Dataset excerpts:
^^^^^^^^^^^^^^^^
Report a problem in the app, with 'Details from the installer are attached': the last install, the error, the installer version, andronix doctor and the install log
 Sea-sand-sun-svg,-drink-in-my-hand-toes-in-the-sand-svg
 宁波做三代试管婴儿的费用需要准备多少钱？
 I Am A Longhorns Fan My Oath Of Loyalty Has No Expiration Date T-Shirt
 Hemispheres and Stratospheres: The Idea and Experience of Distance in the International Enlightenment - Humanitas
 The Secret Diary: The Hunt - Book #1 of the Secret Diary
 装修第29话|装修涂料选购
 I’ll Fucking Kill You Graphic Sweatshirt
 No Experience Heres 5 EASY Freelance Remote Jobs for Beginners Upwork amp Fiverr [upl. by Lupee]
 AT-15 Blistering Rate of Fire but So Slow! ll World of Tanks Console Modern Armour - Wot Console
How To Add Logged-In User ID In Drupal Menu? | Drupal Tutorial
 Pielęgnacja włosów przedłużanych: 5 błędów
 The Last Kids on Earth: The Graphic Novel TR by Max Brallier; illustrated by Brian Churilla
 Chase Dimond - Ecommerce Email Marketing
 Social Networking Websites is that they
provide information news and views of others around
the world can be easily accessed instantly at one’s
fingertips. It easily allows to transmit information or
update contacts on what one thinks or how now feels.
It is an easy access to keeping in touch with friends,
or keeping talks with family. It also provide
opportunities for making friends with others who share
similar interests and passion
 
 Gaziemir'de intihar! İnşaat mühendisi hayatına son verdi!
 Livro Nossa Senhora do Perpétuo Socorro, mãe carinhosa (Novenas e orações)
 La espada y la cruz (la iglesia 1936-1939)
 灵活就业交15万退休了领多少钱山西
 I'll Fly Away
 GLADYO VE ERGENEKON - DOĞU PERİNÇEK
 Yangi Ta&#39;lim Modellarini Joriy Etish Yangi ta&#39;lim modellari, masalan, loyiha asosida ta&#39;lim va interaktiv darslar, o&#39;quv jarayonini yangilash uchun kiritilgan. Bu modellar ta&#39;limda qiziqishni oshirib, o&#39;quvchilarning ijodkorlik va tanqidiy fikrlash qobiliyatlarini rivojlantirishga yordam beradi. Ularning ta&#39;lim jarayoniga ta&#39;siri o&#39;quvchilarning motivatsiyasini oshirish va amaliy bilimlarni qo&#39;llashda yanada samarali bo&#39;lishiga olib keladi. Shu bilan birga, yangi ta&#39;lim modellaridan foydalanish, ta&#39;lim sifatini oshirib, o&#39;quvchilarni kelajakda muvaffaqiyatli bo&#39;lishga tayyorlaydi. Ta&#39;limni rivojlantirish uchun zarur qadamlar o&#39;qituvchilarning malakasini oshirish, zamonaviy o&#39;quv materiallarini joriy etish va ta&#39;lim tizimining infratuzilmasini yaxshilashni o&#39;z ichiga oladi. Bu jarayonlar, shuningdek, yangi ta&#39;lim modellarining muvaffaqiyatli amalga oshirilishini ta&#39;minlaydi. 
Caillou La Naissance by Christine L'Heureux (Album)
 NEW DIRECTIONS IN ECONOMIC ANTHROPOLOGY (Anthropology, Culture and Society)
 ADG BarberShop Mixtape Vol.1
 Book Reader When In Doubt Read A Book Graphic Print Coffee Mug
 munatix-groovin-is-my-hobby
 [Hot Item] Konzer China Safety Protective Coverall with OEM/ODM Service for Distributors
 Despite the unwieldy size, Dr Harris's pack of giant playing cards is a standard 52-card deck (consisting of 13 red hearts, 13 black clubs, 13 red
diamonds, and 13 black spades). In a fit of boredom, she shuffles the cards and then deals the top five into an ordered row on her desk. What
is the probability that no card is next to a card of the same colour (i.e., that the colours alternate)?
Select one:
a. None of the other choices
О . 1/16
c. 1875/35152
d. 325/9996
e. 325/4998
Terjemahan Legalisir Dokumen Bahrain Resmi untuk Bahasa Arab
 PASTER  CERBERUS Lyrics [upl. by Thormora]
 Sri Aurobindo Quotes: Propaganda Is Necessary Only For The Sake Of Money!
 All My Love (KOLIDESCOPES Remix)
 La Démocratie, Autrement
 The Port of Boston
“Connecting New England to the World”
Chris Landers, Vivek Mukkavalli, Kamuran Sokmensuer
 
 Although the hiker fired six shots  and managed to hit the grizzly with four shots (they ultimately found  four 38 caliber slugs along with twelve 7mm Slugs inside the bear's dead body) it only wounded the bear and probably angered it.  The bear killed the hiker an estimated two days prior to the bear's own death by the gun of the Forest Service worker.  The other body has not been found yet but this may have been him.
^^^^^^^^^^^^^^^^
Action item: Filter the data down to the lines that contain the string "provide", and copy them.

Exercise output:
provide information news and views of others around
or keeping talks with family. It also provide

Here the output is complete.